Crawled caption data
^^^^^^^^^^^^^^^^

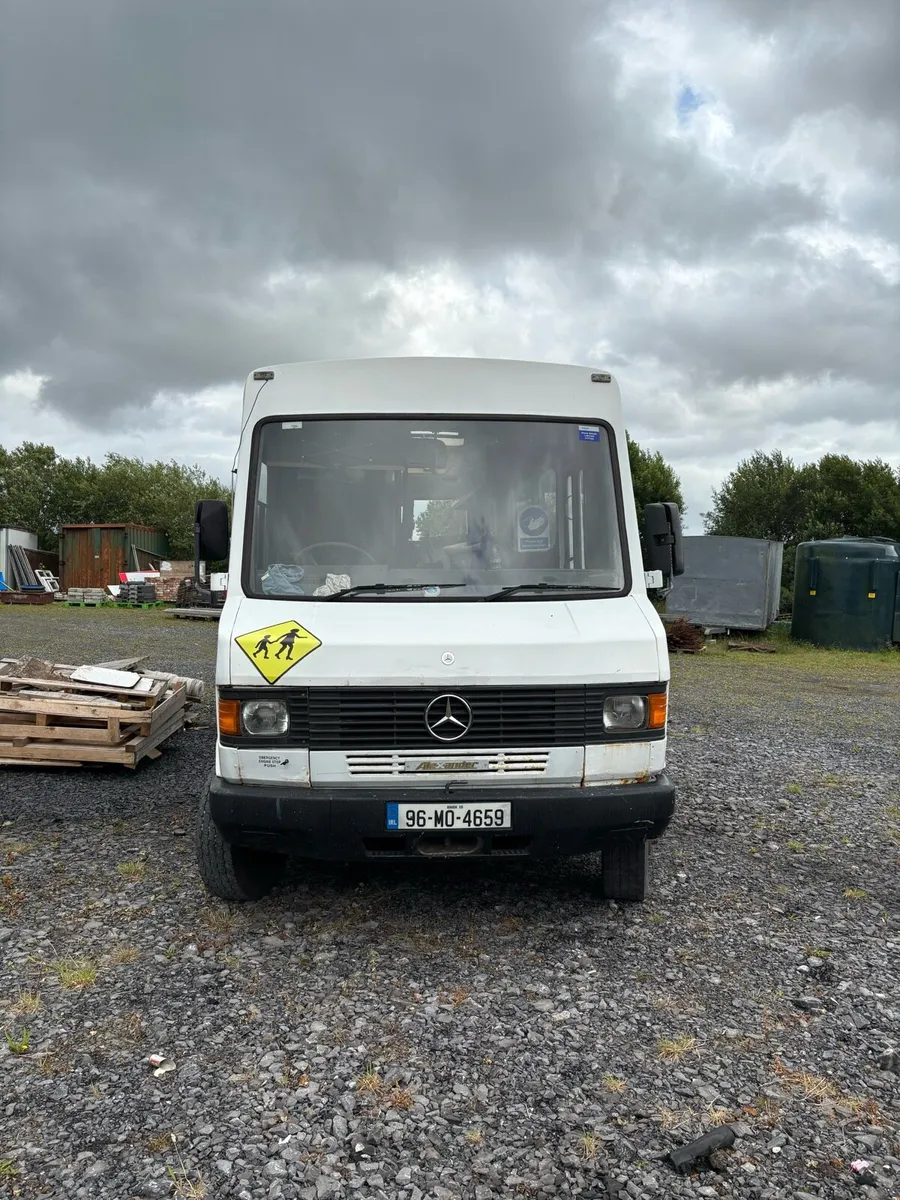Coach and buses - Image 2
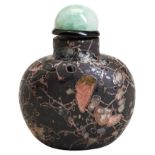 A HARDSTONE SNUFF BOTTLE WITH A JADE STOPPER 19TH/20TH CENTURY with natural stone grain and a jade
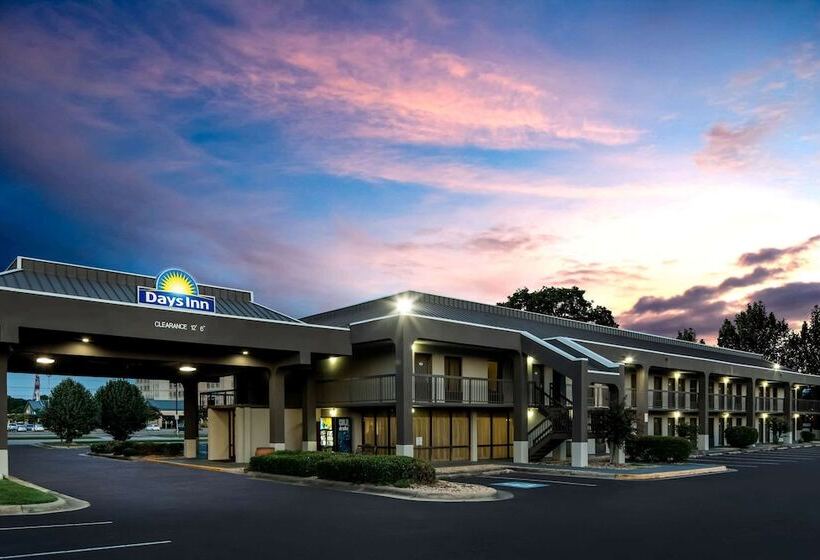 ホテル Days Inn By Wyndham Wilson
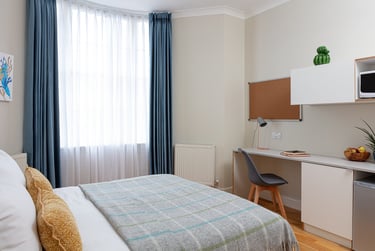 Topp Accommodation Student Halls, 16-18 Regency Square, City Centre, Brighton, BN1 2FG - Image 2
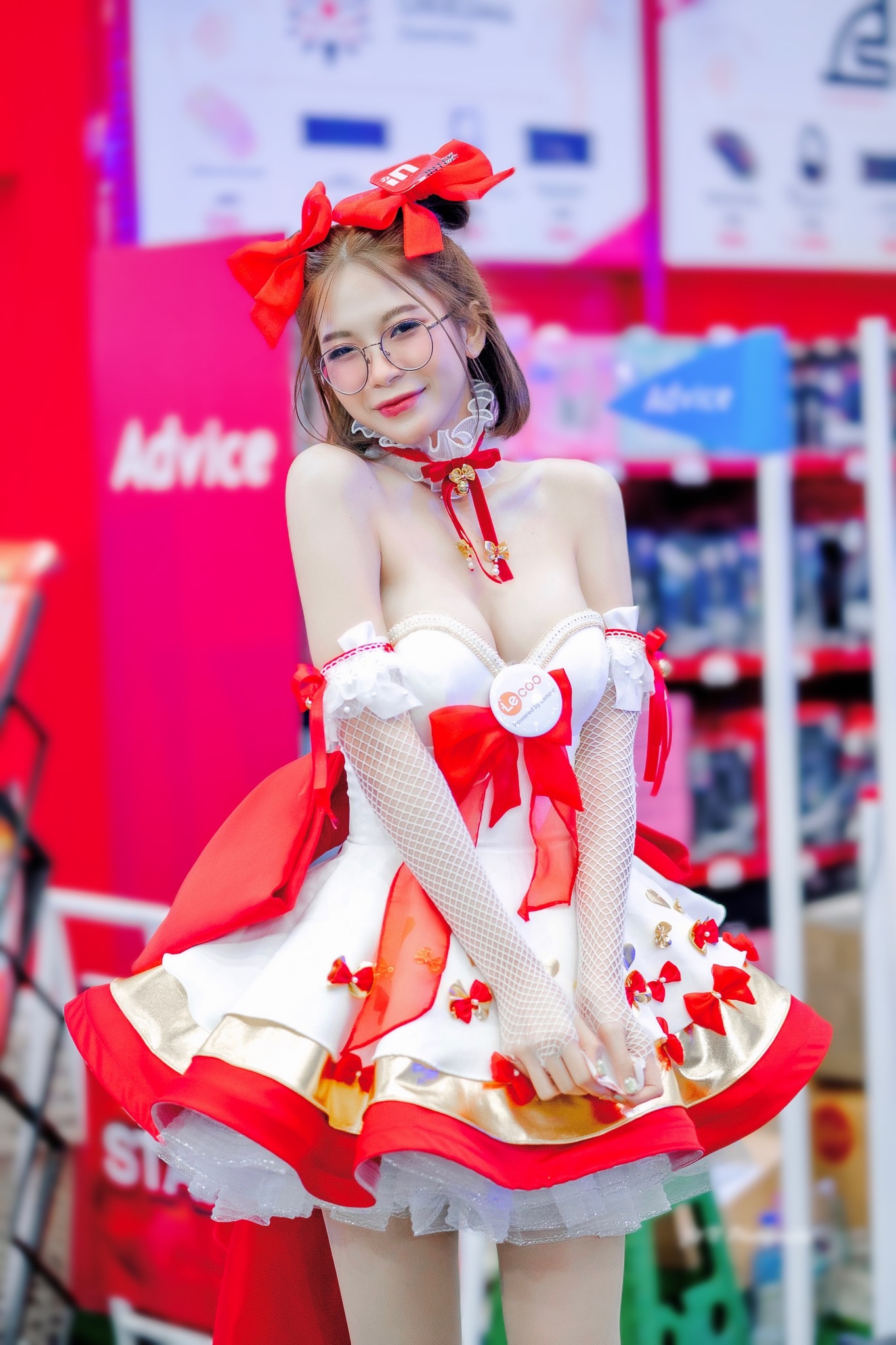 น้อง ขวัญแว่น สาวใส่แว่น ตัวเล็ก สุดเซ็กซี่ ผมสั้น แถมเนินหน้าอกใหญ่ 18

^^^^^^^^^^^^^^^^

* _WHAT IS BEING ASKED_
Above are the records; repeat them all exactly, without the pictures.

* _TASK SOLUTION_
Coach and buses - Image 2
 A HARDSTONE SNUFF BOTTLE WITH A JADE STOPPER 19TH/20TH CENTURY with natural stone grain and a jade
 ホテル Days Inn By Wyndham Wilson
 Topp Accommodation Student Halls, 16-18 Regency Square, City Centre, Brighton, BN1 2FG - Image 2
 น้อง ขวัญแว่น สาวใส่แว่น ตัวเล็ก สุดเซ็กซี่ ผมสั้น แถมเนินหน้าอกใหญ่ 18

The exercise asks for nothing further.